Rachida Dati ne fait pas l'objet d'une plainte, mais certains de ses émoluments pourraient être passés au crible. D'après les informations du Parisien, une enquête préliminaire portant sur ses liens avec Renault-Nissan vient d'être ouverte.
AFP

Rachida Dati et Renault-Nissan : la candidate à la mairie de Paris visée par une plainte ?

Le glas tombe en novembre 2018, quand Carlos Ghosn – P-DG de Renault – est arrêté au Japon. Il est soupçonné, entre autres, d’avoir dissimulé ses revenus au fisc. Dès lors, la justice nipponne s’empare de l’affaire dont certaines répliques impactent jusqu’en France. C’est en tout cas ce qu’avance Le Parisien qui rapporte l’ouverture d’une enquête préliminaire visant Rachida Dati et Alain Bauer. La première était conseillère juridique pour la société tandis que le second était consultant pour des questions de sécurités. Tous deux ont été engagés entre 2010 et 2013 via Renault-Nissan BN (RNBV), une structure néerlandaise "opaque" d’après le quotidien.

L’enquête, dont l’ouverture a été confirmée par "trois sources concordantes" mais pas encore pas le parquet financier, serait confiée aux agents de l’office anti-corruption (OCLCIFF). Elle devrait porter sur les émoluments perçus par la candidate à la mairie de Paris sur cette période et fait suite à une plainte déposée le 17 avril par un actionnaire de l’alliance.

En pratique le contrat qui liait Rachida Dati et le conglomérat a été découvert après un audit indépendant. Ce dernier a été réalisé après l’arrestation de Carlos Ghosn et réclamé par Nissan, qui n’a cependant pas porté plainte pour l’heure. De son côté, l’ancienne ministre s’est défendue de toute dissimulation.

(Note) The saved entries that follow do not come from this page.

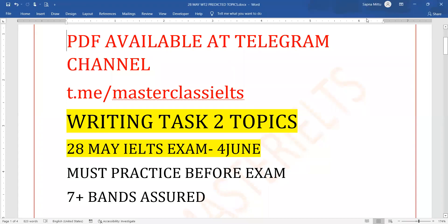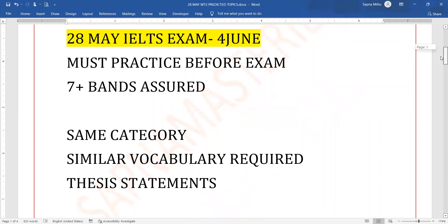Hello everybody, this is Sapna and I am going to discuss the Writing Task 2 topics for 28th May as well as 4th June. These topics are basically very important for the IELTS exam. So must practice before the exam if you want to score 7 plus bands.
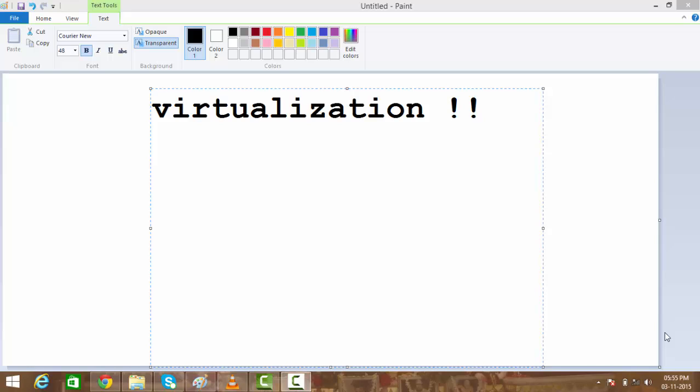Hello everyone, my name is Gaurav Singh and today I'm here to tell you something about virtualization as it is written out there. So what is virtualization?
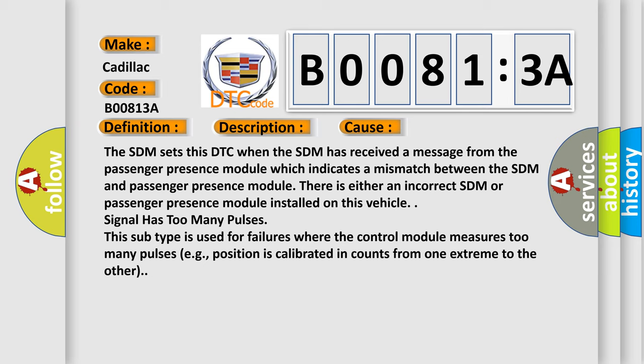The SDM sets this DTC when the SDM has received a message from the passenger presence module which indicates a mismatch between the SDM and passenger presence module. There is either an incorrect SDM or passenger presence module installed on this vehicle.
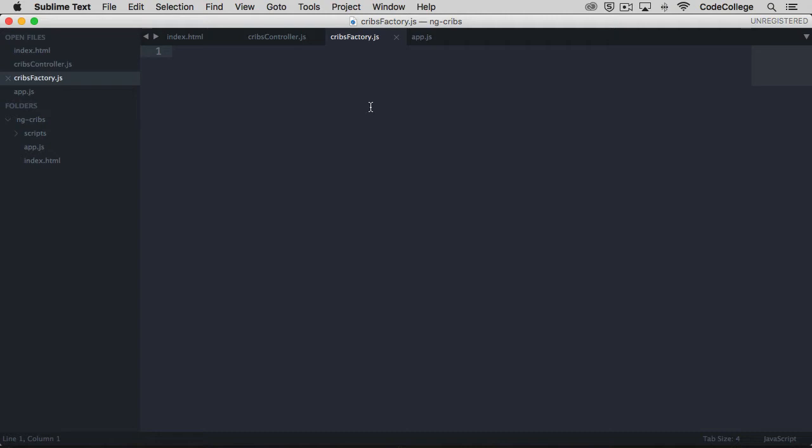There's a couple different ways to create services in Angular. We can use services directly or we can create factories. We won't go into too much detail about how services and factories differ, but we'll use a factory in this case. A factory is generally what you'll use when you want to create some kind of HTTP logic to communicate with the database.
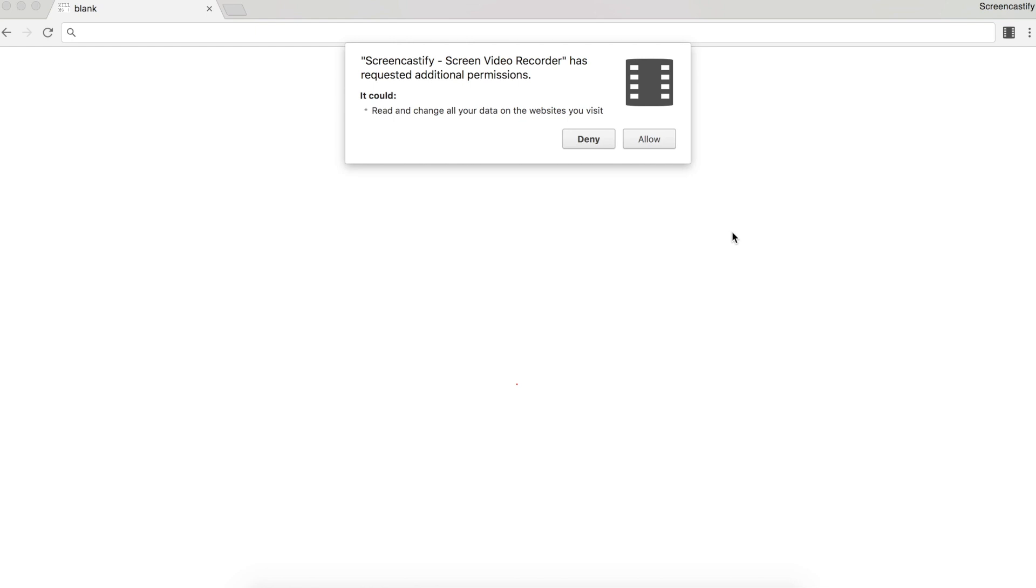Once you click allow, you'll be all set. And that's it. We hope you enjoy using Screencastify.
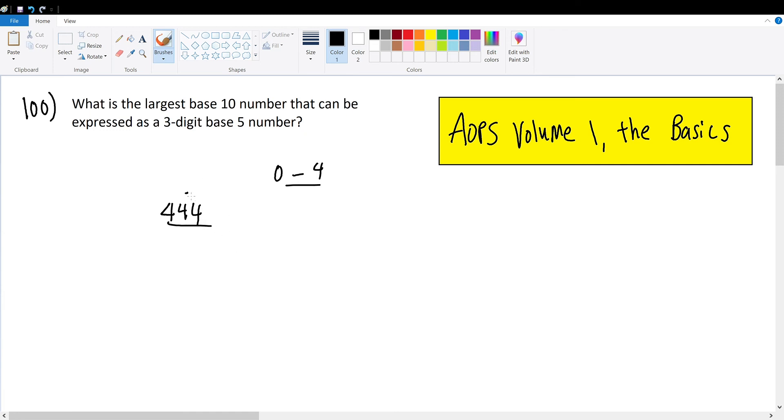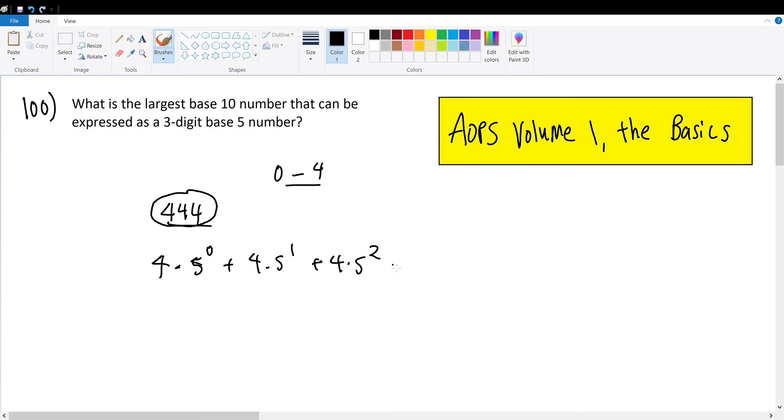and we express this in the 10 base and we're done. And to do that, we just multiply it out, 4 times 5 to the 0, plus 4 times 5 to the 1st, plus 4 times 5 squared will give us the number in base 10, which is 4 plus 20 plus 100, which is equal to 124, and we're done.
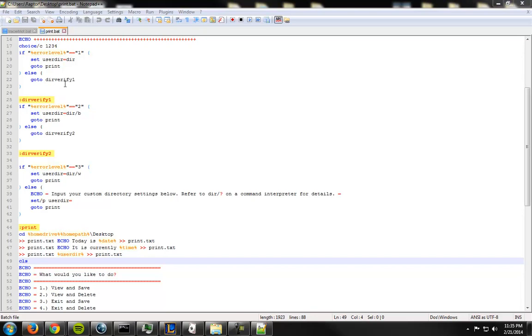So if it isn't one, it goes to a verify to check if it's two. And if it's not two, it checks if it's three. And if it's not three, then it goes to four because it has to be four. Right? Makes sense to me.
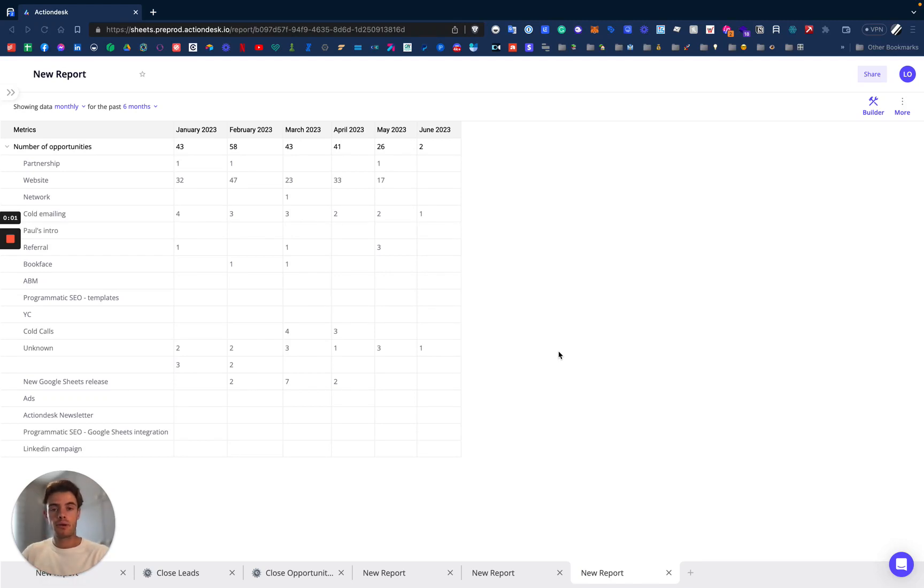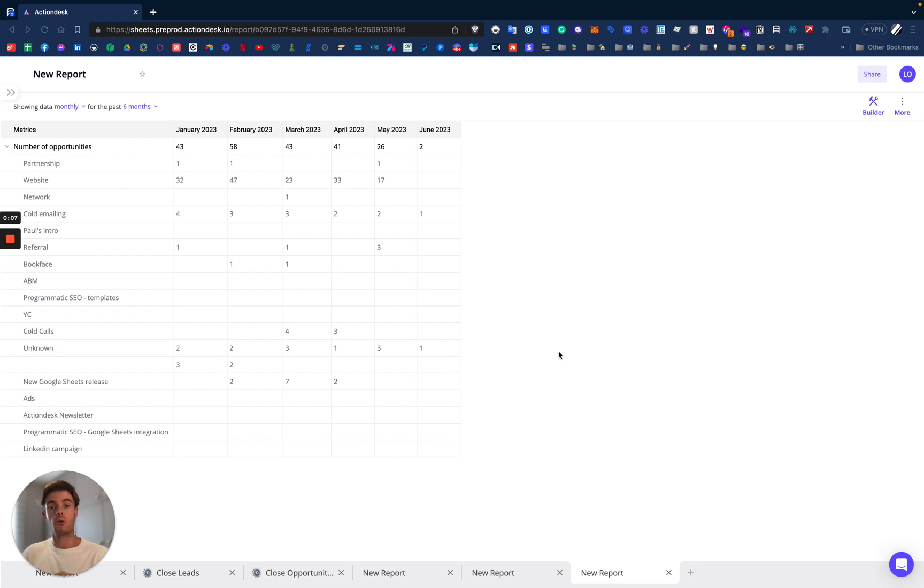Let's see how we can customize a breakdown of a metric in our report builder tool. Here we can see that we have the total number of opportunities by month that is also broken down by the source of acquisition.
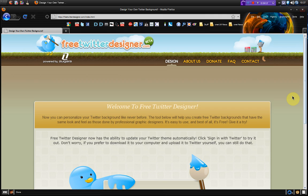It's a web application to design your own Twitter backgrounds. It's still in its beta stages so we can't expect everything but it's still pretty good nonetheless.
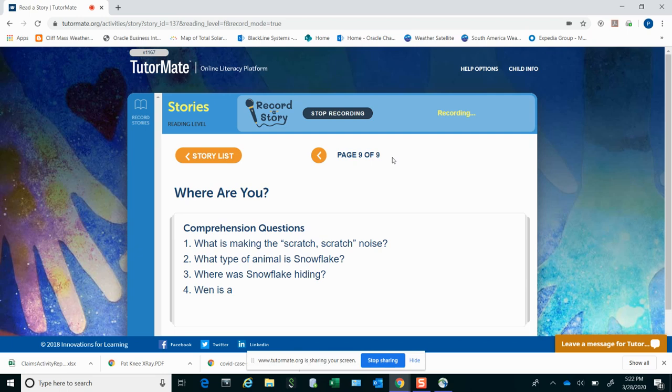First one is, what is making the scratch, scratch noise? What type of animal is Snowflake? And where was Snowflake hiding?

Rachida Dati visée par une enquête : des rémunérations opaques de la part de Renault-Nissan ?

L’actionnaire qui s’attaque à Rachida Dati évoque, dans sa plainte, d’importants émoluments. Entre 2010 et 2013, l’ancienne euro-député aurait touché 600 000 euros de rémunération et 2 millions d’honoraires, a-t-il affirmé. Pour de telles sommes, l’ex-Garde des Sceaux était supposée faciliter le développement de l’alliance au Proche-Orient et en Afrique.

"J’ai été rémunérée comme avocate et non consultante de 2010 à 2012, de façon forfaitaire : 300 000 euros par an. Tous les contrats ont été validés par le commissaire aux comptes et le directeur juridique, monsieur Husson. A chaque réunion de travail, il y avait soit Carlos Ghosn, soit Christian Husson, soit la secrétaire générale, Mouna Sepehri", a détaillé Rachida Dati dans les colonnes du quotidien régional. Elle conteste "toute illégalité dans les versements perçus de RNBV" et a déclaré l’intégralité de ces revenus à la Haute autorité pour la transparence de la vie publique, rappelle d’ailleurs le journal.

En outre, les policières et les policiers en charge de l’enquête n’excluraient pas la piste d’un règlement de compte en interne.